Le journalisme au temps des cartels
Selon le bilan de Reporters sans frontières, 11 journalistes ont été tués au Mexique en 2017
Un record qui fait froid dans le dos. Selon le dernier bilan de Reporters sans frontières (lire l’encadré), publié mardi, onze journalistes sont morts en 2017 au Mexique. « Comme l’an dernier, c’est le pays en paix le plus dangereux au monde pour les reporters », constate l’ONG. Et de préciser : « Au pays des cartels, ceux qui traitent de la corruption de la classe politique ou du crime organisé sont quasi systématiquement visés, menacés, voire exécutés de sang-froid. » La représentante locale de RSF, Balbina Flores Martinez, a elle-même reçu des menaces de mort en 2014. Pendant un an, elle a vécu sous protection policière.

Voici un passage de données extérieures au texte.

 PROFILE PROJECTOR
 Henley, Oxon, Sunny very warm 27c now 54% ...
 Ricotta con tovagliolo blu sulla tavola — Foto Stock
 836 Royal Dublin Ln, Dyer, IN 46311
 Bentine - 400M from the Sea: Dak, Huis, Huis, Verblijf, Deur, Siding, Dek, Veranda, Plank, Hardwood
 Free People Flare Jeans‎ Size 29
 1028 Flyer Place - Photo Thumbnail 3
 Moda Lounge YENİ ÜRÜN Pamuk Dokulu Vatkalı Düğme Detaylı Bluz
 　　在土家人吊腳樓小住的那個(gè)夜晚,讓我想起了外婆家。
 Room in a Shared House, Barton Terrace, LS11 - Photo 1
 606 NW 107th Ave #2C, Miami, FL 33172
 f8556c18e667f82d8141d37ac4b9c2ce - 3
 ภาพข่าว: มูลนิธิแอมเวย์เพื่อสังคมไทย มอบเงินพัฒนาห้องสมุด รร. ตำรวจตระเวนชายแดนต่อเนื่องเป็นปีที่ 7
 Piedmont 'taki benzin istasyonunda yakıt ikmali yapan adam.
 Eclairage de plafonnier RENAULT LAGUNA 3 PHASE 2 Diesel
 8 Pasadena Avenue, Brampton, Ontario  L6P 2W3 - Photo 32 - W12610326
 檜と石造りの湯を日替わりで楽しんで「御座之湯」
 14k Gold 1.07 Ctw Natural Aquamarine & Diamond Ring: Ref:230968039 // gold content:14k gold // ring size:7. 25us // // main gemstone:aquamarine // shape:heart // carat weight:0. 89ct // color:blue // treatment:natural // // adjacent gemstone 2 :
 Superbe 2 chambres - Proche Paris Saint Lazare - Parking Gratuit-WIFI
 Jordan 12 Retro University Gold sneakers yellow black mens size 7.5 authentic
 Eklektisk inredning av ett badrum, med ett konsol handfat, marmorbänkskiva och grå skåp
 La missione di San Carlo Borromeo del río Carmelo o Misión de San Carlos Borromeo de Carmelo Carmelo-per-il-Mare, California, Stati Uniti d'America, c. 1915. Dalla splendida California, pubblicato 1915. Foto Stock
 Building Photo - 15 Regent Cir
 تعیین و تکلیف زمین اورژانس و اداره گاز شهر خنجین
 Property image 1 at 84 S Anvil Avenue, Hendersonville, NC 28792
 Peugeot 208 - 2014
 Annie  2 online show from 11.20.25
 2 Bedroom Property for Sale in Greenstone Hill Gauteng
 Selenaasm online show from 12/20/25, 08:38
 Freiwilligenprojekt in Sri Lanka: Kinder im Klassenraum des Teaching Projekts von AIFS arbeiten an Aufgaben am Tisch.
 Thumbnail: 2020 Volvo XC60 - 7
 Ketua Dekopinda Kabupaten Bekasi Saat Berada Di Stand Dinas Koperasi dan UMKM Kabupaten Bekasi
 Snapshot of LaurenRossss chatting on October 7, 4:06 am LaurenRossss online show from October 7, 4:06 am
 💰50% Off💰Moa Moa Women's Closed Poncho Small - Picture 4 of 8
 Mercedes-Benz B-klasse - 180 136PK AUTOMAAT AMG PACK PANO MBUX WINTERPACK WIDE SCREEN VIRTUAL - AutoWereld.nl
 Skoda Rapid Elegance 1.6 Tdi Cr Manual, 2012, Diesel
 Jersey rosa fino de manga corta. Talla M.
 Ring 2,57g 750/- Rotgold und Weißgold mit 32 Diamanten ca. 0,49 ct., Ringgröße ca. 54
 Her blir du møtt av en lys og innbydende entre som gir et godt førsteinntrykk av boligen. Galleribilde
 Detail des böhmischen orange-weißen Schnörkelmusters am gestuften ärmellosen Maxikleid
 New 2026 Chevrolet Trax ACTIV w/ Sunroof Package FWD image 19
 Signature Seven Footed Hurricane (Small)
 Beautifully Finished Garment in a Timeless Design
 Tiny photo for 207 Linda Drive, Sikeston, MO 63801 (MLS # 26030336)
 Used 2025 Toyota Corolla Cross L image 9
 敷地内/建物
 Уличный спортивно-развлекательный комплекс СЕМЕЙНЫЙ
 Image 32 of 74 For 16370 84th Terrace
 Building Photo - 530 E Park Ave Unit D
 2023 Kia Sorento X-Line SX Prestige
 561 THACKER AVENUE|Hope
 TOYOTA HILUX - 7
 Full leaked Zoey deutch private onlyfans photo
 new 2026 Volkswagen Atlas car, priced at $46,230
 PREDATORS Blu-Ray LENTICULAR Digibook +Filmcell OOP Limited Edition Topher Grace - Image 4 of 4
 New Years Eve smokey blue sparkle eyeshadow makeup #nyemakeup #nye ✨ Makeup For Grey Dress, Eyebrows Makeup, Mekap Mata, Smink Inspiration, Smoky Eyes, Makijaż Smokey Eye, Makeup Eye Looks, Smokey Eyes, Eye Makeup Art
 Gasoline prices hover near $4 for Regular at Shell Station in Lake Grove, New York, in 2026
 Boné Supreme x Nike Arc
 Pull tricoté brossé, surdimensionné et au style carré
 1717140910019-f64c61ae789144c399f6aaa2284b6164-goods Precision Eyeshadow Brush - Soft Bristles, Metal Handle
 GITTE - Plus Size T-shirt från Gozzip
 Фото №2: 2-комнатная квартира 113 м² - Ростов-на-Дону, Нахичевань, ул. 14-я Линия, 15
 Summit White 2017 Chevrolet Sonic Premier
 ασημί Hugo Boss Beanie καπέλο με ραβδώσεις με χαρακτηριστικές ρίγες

Pour continuer à exercer, elle a dû redoubler de précautions. « On reste, par exemple, peu de temps dans les zones où l’insécurité règne; on fait aussi très attention quand on contacte des sources et on mène des enquêtes collectives avec des collègues. » Certains ont dû se résoudre à abandonner le métier : « Cette année, nous avons aidé treize journalistes à partir à l’étranger, en majorité aux Etats-Unis », compte Balbina Flores Martinez. D’autres restent au Mexique, mais « vivent cachés, pour ne pas mettre en danger leur famille », renchérit Emmanuel Colombié, directeur du bureau Amérique latine pour RSF. Ces conditions de travail ne risquent pas de s’améliorer : selon les sources, entre 95 et 99 % des crimes contre les journalistes restent impunis. « Des procès s’ouvrent, mais les autorités jouent la montre, reprend Emmanuel Colombié. Surtout quand les enquêtes sont diligentées par des politiques mouillés. »
« Trous noirs de l’info »
« La situation au Mexique reste paradoxale », insiste le directeur du bureau Amérique latine pour RSF. Il y a des institutions, des mécanismes de protection, et même un bureau spécial chargé des crimes en direction des journalistes. Mais ils se révèlent inefficaces, « par manque de personnel et de prise de conscience de l’importance de notre métier ». Dans des Etats comme Tamaulipas, gangrené par les cartels, il n’y a pas quasiment plus de journalistes, « ce qui crée des trous noirs de l’information ».